## Required action
Find the line with "Ybor Lofts in Tampa, FL - Building Photo" and the line with "Detail b: 14" in the entries below; output exactly those two lines, every line between them, and no others.

## Data to use
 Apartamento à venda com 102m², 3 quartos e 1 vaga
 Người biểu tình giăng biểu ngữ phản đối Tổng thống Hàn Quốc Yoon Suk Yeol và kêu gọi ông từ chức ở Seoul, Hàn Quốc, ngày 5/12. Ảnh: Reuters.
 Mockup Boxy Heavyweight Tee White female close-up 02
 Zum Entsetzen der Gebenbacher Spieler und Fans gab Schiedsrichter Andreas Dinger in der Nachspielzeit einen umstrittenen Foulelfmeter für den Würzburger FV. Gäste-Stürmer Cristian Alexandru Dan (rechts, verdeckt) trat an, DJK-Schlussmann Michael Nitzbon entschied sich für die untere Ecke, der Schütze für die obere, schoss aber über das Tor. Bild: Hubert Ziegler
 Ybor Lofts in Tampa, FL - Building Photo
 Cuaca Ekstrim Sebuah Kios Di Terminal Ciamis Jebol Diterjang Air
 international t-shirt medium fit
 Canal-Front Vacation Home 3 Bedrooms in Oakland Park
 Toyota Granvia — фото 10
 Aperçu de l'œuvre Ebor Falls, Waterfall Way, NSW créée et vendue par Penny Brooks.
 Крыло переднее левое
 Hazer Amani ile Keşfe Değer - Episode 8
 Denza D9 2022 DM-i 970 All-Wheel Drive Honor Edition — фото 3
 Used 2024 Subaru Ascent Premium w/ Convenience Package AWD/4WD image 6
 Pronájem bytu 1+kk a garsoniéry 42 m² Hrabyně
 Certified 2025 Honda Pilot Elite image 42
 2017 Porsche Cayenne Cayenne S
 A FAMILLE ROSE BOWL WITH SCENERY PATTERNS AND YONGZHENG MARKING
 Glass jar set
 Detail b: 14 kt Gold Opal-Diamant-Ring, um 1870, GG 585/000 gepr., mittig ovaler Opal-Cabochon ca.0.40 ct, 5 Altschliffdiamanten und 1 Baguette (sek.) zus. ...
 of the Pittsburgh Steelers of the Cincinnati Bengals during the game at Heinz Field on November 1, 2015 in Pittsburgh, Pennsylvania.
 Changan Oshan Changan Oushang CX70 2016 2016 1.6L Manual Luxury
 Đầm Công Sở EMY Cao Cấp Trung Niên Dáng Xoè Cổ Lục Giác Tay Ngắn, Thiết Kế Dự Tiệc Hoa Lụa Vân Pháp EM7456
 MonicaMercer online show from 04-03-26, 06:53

## Solution for this exercise
 Ybor Lofts in Tampa, FL - Building Photo
 Cuaca Ekstrim Sebuah Kios Di Terminal Ciamis Jebol Diterjang Air
 international t-shirt medium fit
 Canal-Front Vacation Home 3 Bedrooms in Oakland Park
 Toyota Granvia — фото 10
 Aperçu de l'œuvre Ebor Falls, Waterfall Way, NSW créée et vendue par Penny Brooks.
 Крыло переднее левое
 Hazer Amani ile Keşfe Değer - Episode 8
 Denza D9 2022 DM-i 970 All-Wheel Drive Honor Edition — фото 3
 Used 2024 Subaru Ascent Premium w/ Convenience Package AWD/4WD image 6
 Pronájem bytu 1+kk a garsoniéry 42 m² Hrabyně
 Certified 2025 Honda Pilot Elite image 42
 2017 Porsche Cayenne Cayenne S
 A FAMILLE ROSE BOWL WITH SCENERY PATTERNS AND YONGZHENG MARKING
 Glass jar set
 Detail b: 14 kt Gold Opal-Diamant-Ring, um 1870, GG 585/000 gepr., mittig ovaler Opal-Cabochon ca.0.40 ct, 5 Altschliffdiamanten und 1 Baguette (sek.) zus. ...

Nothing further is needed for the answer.